It’s an age old trope: teens, by nature, don’t communicate and it’s impossible to get them to open up once they turn 13. You hear rumors from other moms that raising a teen means accepting that he or she will clam up for the entirety their teenage years. When my kids approached their teen years, I braced myself for having to talk to them through closed doors and learning to decipher eye rolling code.
Thankfully, I am happy to report that my teens, for the most part, are pretty good about communicating. Mostly. However, we do have our challenges as they are declaring their independence and spreading their wings. We have had our fair share of days where one of my teens sits sullen silence in the car and it’s impossible to crack the ice.
Luckily, I have figured out a few ways to break the sometimes seemingly impenetrable teenage communication ice.
When I was a teen and I was upset at my parents, I used to put pen to paper to sort out my feelings. Somehow, writing my anger out helped me more clearly tell them why I was upset. Though my teens occasionally resort to digging out an actual pen, more often than not, my teens will text me when they are hurt or annoyed. If we’ve had an argument or disagreement, inevitably, one of us will open the lines with a short text that leads to a bigger conversation.
And, usually, after several texts, my teen will come out of his room with a cooler head and we can make up.
I know this sounds ridiculous but, the next time you are having trouble connecting with your teen, send her a funny meme on a topic you both enjoy. Whether it’s Dwight Schrutte hilarity from The Officeor a run of the mill Kermit the Frog funny, memes have been a way for my teens and me to connect during the day.

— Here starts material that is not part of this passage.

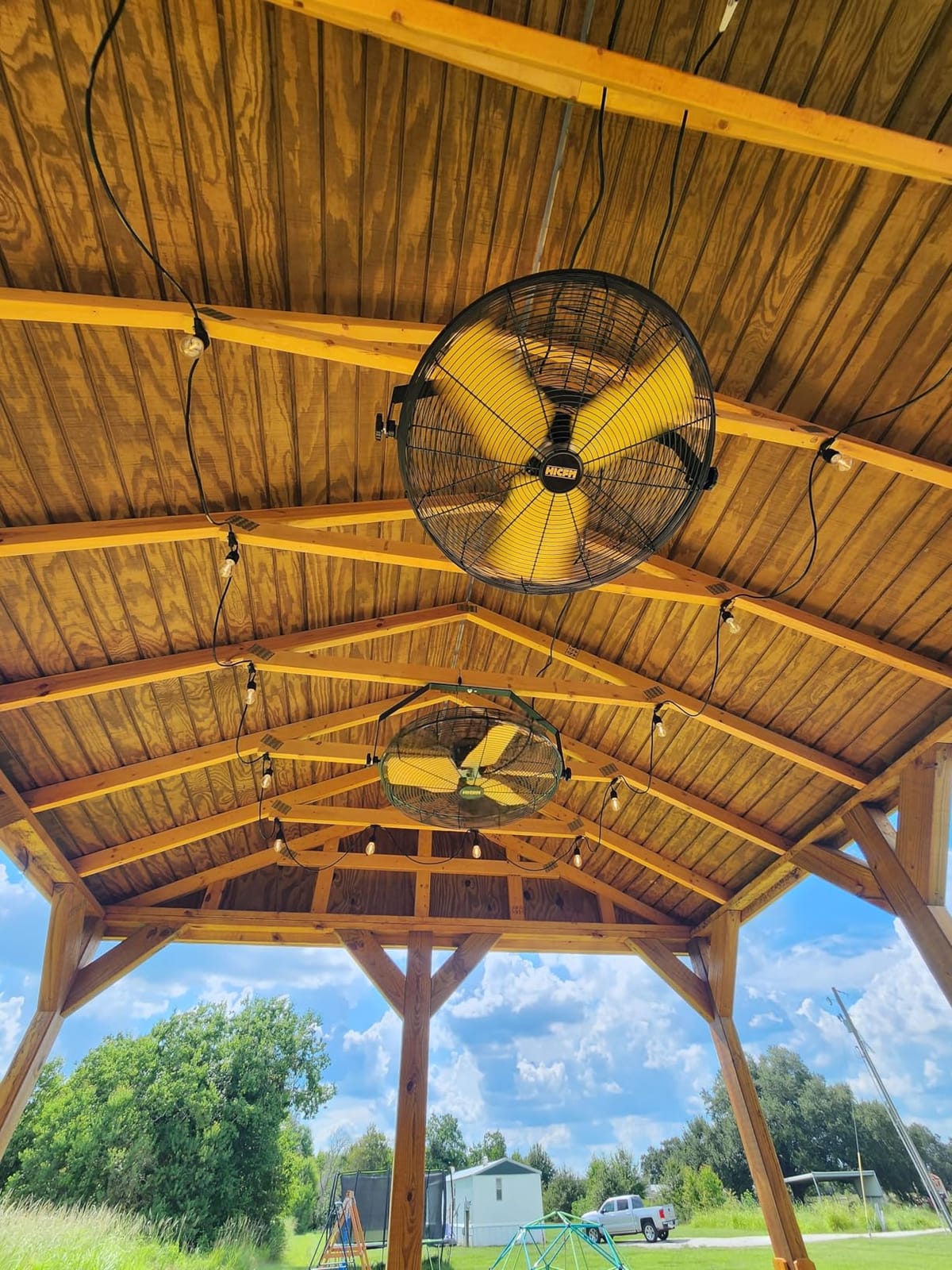 HiCFM 30 inch Misting Outdoor Oscillation Weatherproof Wall Mounted Fan with IP44 Enclosure Motor, GFCI Plug, 9300 CFM 3-Speeds High Velocity Powerful Wall Fan, UL Outdoor Approved customer photo 1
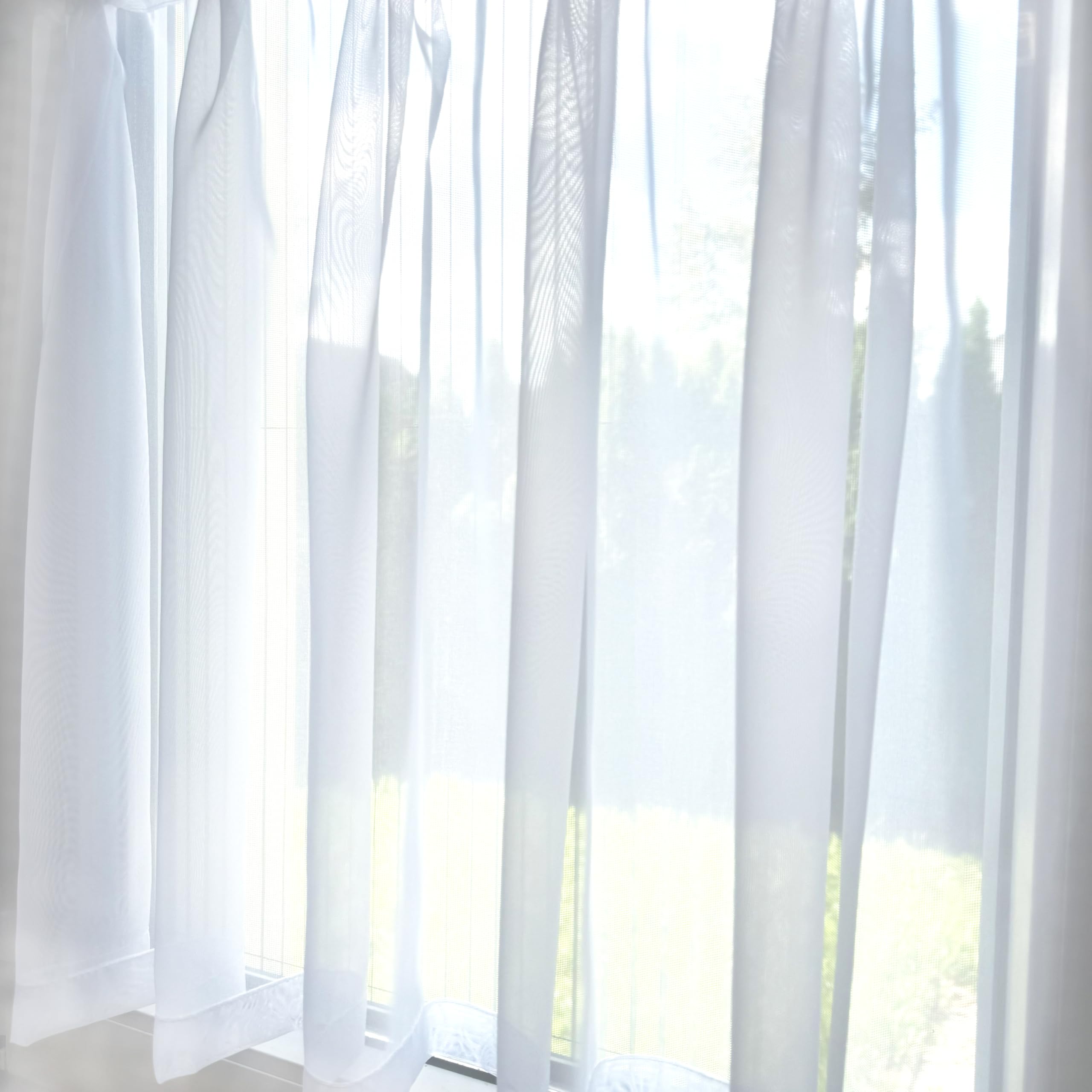 BN Scheibengardine Voile in Weiß – Uni Voile French - halbtransparente Küchengardine, einfarbig mit Köpfchen für Stangendurchzug – Oeko-TEX 100 (H/B: 90/150 cm)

Sometimes, out of the blue, my son will send me a meme that makes me laugh out loud when I’m standing in the grocery store. It’s his way of saying, “Hey, Mah, I saw this and I know it’ll make you laugh.” And, when he follows the meme with a heart emoji, it makes my heart smile.

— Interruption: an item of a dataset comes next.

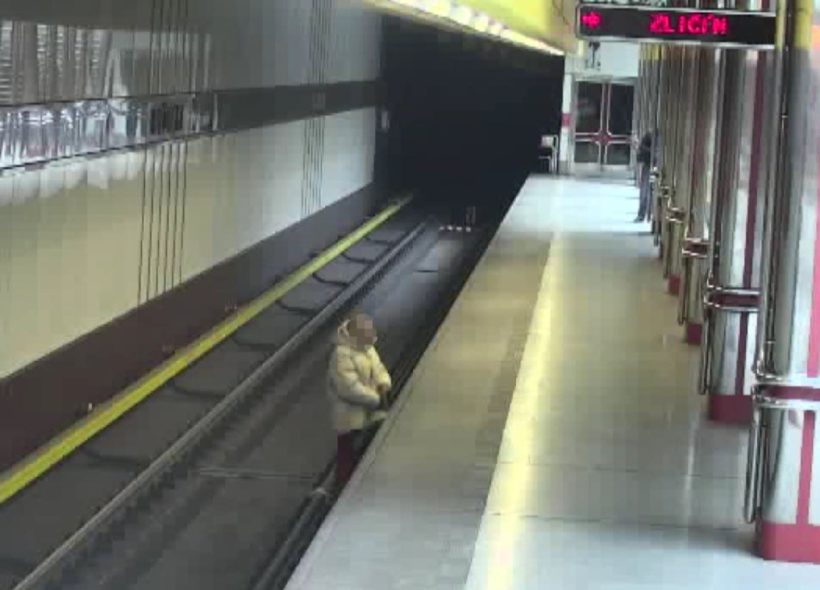 Muž skočil do kolejiště metra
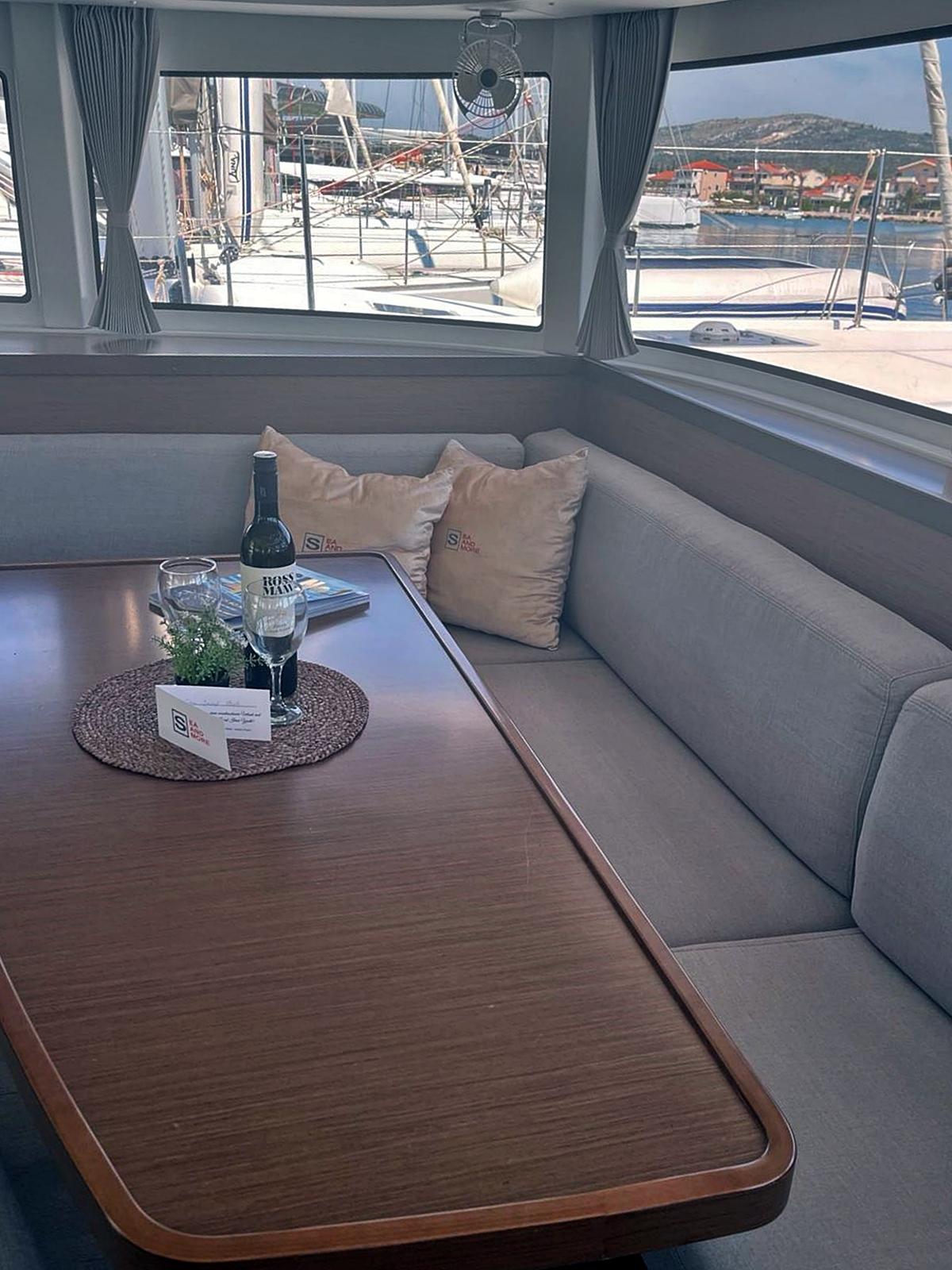 Lagoon 42 - 4 + 2 cab., picture 12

Meme conversations aren’t deep and they won’t change the world but sending your kid a little bit of humor now and again is always a fun way to keep the lines of communication open.
Harry Potter (or any other book series)
Though I read the Harry Potter books years ago when they first came out, I had a renewed interest in the characters and wizarding world created by J.K. Rowling when my teens devoured the series. We shared the books, often reading them chapter by chapter together so we could discuss, and, to this day, my daughter and I love to discuss all things related to Hogwarts.
Though Harry and his friends are fictional, the connection my daughter and I have found is very much based in reality. And, on days when she and I are not in sync with communicating, sometimes saying, “Wanna watch a Harry Potter movie with me?” is just what we need to be on the same page again.
Driving. Even if it means taking the long way home. Or driving to another state, if need be.
I don’t know what it is about being in the car but my kids will unload all sorts of information when I’m driving them around town. I don’t know if it’s because our eyes are focused forward and the onus to look eye to eye is diminished or if my teens know I can’t really yell when I’m behind the wheel, for some reason, the car is where we’ve had our deepest, most eye opening conversations. Whether on a quick trip to the high school or an hours long road trip, the car has been the catalyst for many a connection between me and my teens.
I am wistful about the days when my kids start driving because these days, the passenger seat is my gateway to their lives.
Washing The Dishes Together. Yes, by hand.
Let’s face it: when you live with teens, your kitchen sink is a disaster 24/7. You can never find cups or forks because they are all in your teen’s room and the number of plates they use in one day is mind boggling. Not to overstate but, at the end of every day, my kitchen usually looks like an explosion at a mattress factory. And, of course, I could yell and scream at them to be more responsible about filling the dishwasher, but the truth is that a dirty sink is my best secret weapon when it comes to talking with my teens.
I turn on some music we both like and I ask one of my teens to choose a task: wash or dry. And then we tackle the pile of dishes together. Some nights, the conversation is terse or perfunctory because they want to get back to texting their friends but, other nights, dish washing devolves into a full on dance party, right next to the sink. And, just like with driving, when you are both focused on a task, honesty and forthright communication flows.
I’m certainly not an expert on communicating with teens (Lord knows my kids have slammed plenty of doors with teenaged angst around here) but, at the very least, I’ve managed to find some pretty hilarious memes to send to my friends when my teens ignore my texts.